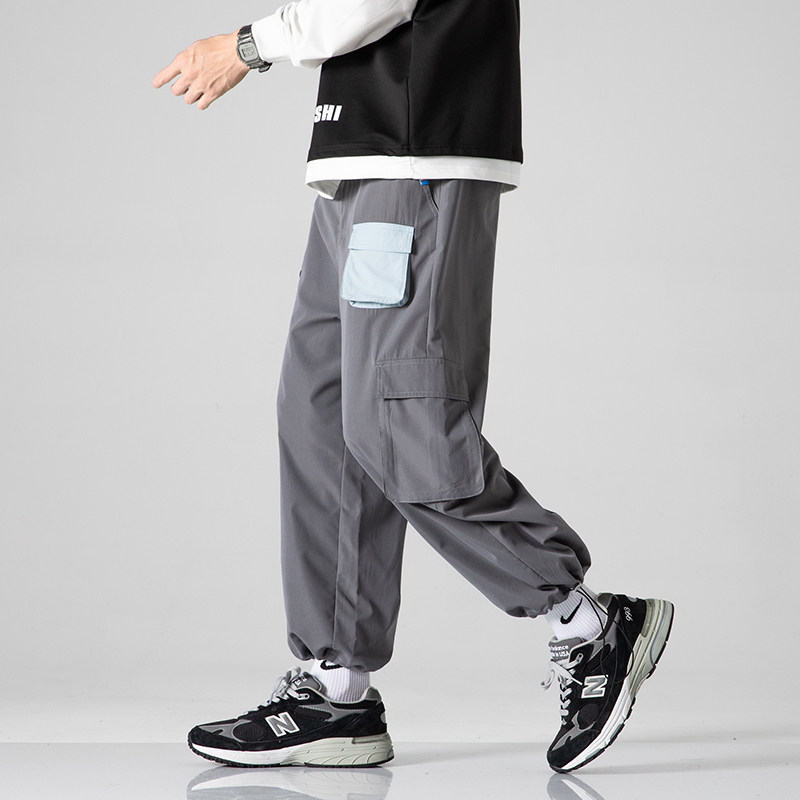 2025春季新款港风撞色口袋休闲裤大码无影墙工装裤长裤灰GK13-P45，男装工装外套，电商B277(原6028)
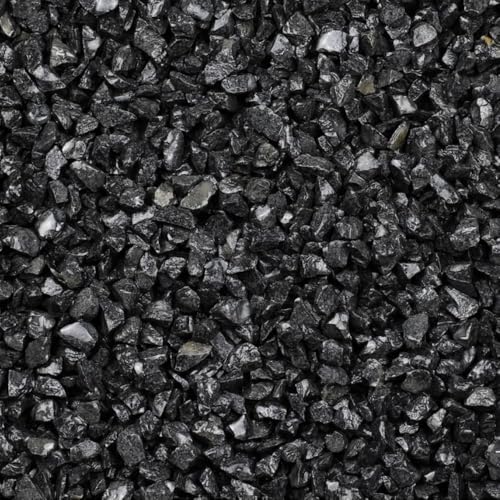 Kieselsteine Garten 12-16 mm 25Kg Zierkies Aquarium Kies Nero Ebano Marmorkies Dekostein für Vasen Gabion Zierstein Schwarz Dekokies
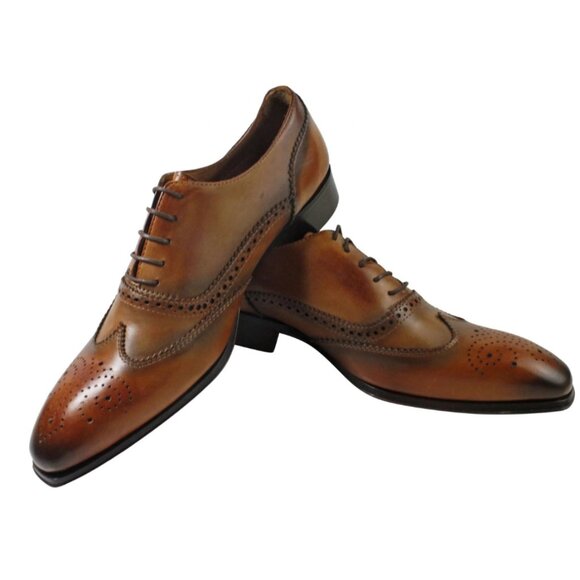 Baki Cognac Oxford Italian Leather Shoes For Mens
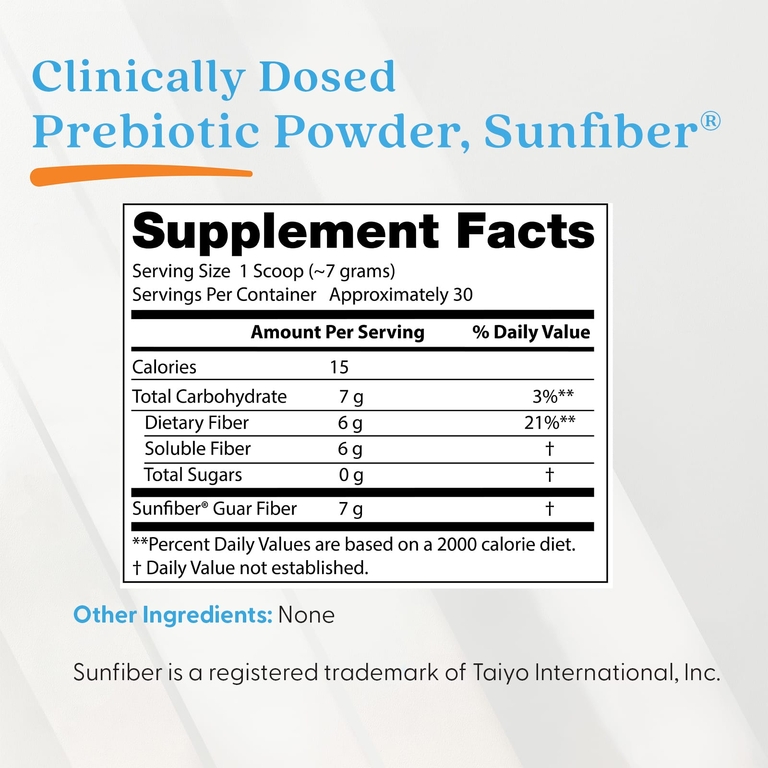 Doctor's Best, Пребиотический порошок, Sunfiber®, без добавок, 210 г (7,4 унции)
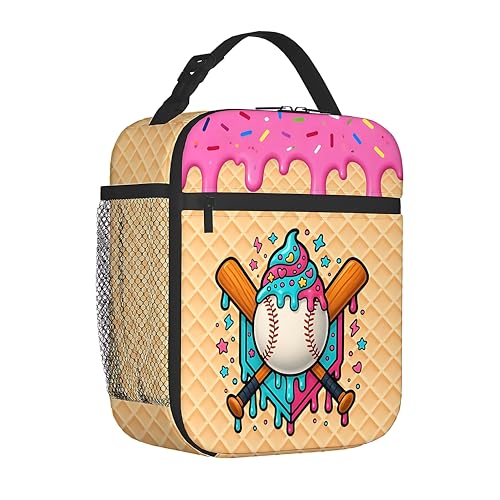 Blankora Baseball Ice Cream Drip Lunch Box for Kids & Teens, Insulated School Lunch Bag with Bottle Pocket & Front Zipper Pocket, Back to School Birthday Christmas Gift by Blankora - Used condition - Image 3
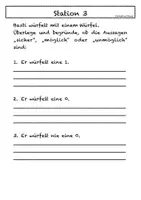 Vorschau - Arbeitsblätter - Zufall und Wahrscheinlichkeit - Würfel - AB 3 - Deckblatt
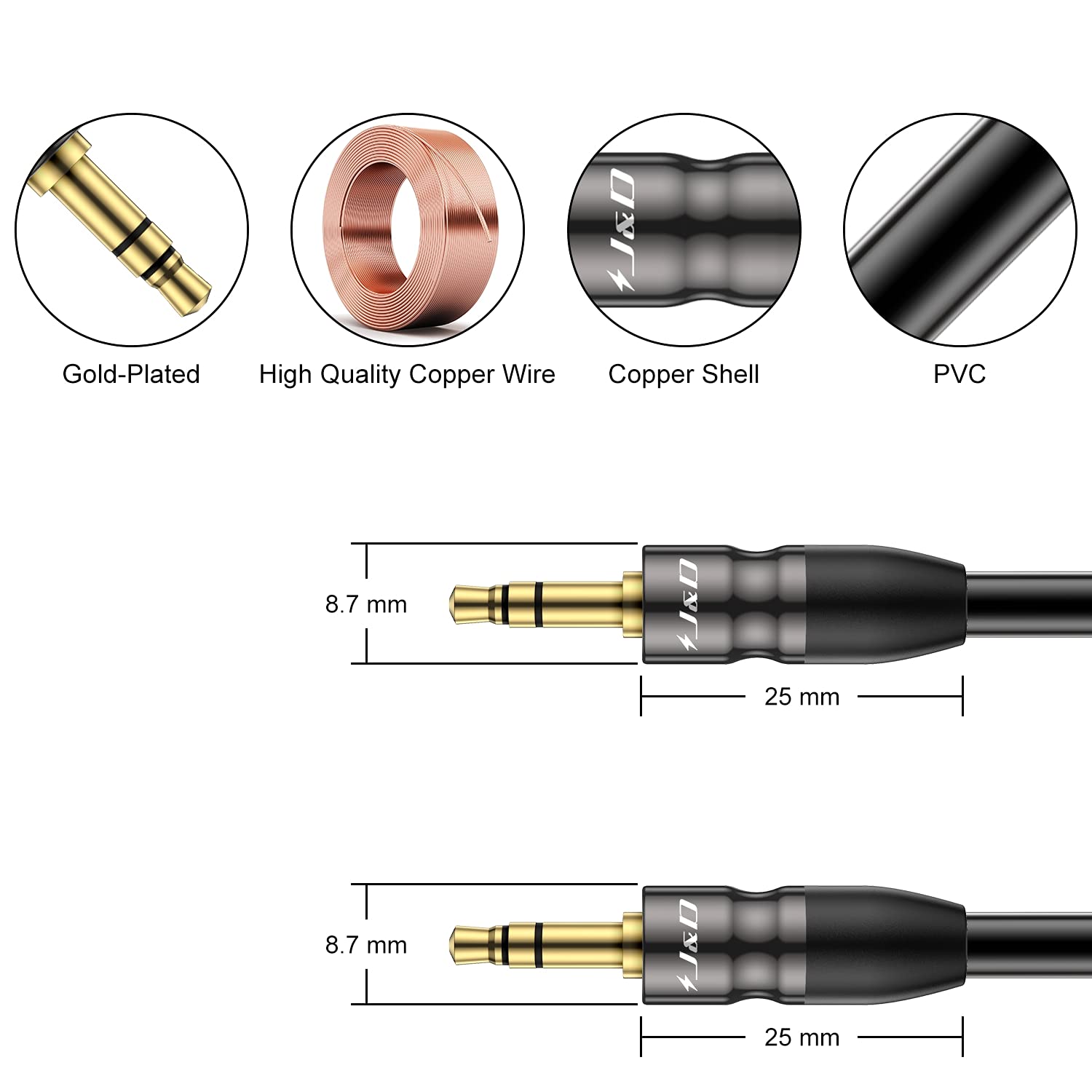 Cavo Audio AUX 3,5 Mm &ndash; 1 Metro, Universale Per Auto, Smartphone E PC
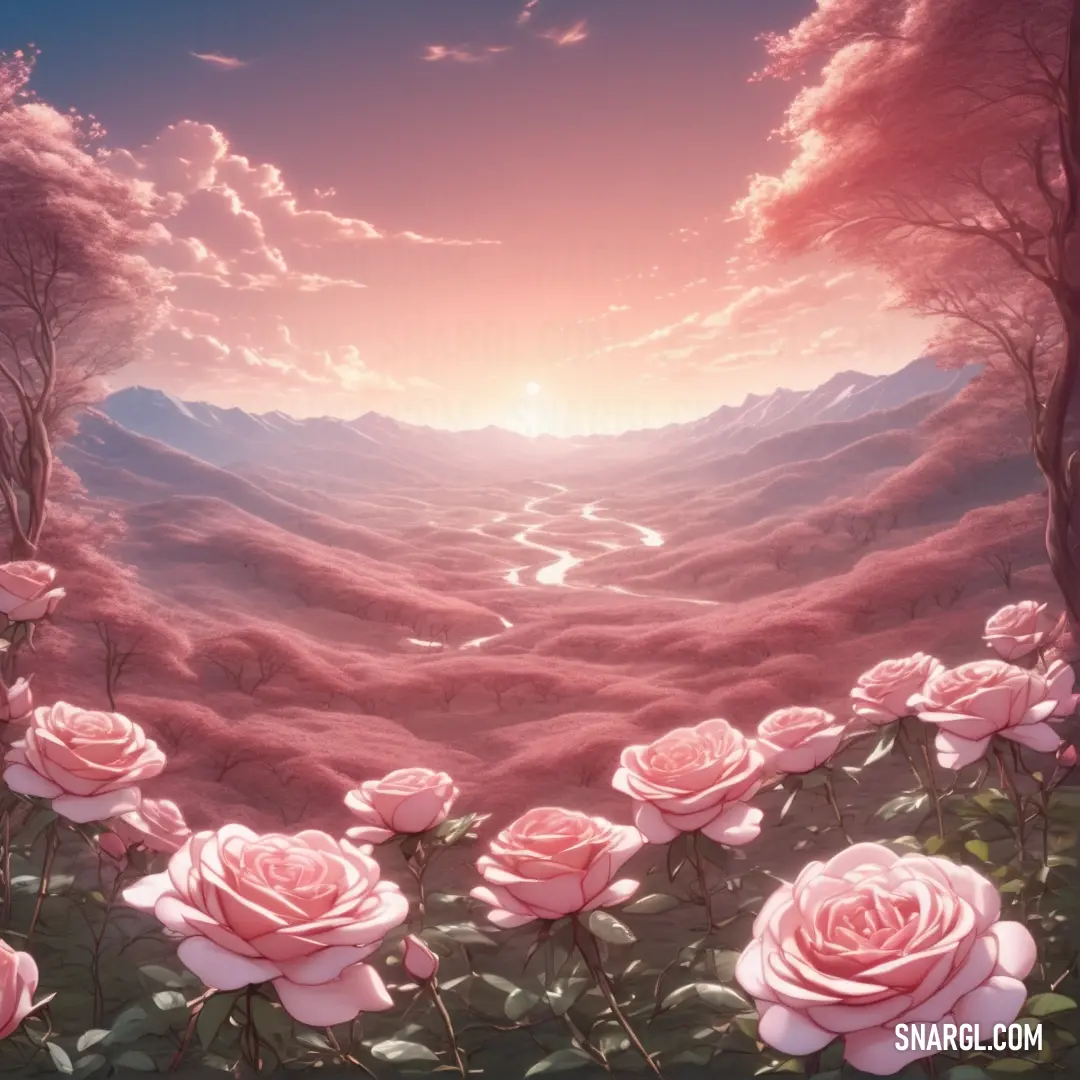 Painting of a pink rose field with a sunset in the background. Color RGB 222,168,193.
__________________________________________________
• **Work required**
In your answer, repeat all the entries exactly, but leave out the pictures.

• **Reply to the exercise**
 2025春季新款港风撞色口袋休闲裤大码无影墙工装裤长裤灰GK13-P45，男装工装外套，电商B277(原6028)
 Kieselsteine Garten 12-16 mm 25Kg Zierkies Aquarium Kies Nero Ebano Marmorkies Dekostein für Vasen Gabion Zierstein Schwarz Dekokies
 Baki Cognac Oxford Italian Leather Shoes For Mens
 Doctor's Best, Пребиотический порошок, Sunfiber®, без добавок, 210 г (7,4 унции)
 Blankora Baseball Ice Cream Drip Lunch Box for Kids & Teens, Insulated School Lunch Bag with Bottle Pocket & Front Zipper Pocket, Back to School Birthday Christmas Gift by Blankora - Used condition - Image 3
 Vorschau - Arbeitsblätter - Zufall und Wahrscheinlichkeit - Würfel - AB 3 - Deckblatt
 Cavo Audio AUX 3,5 Mm &ndash; 1 Metro, Universale Per Auto, Smartphone E PC
 Painting of a pink rose field with a sunset in the background. Color RGB 222,168,193.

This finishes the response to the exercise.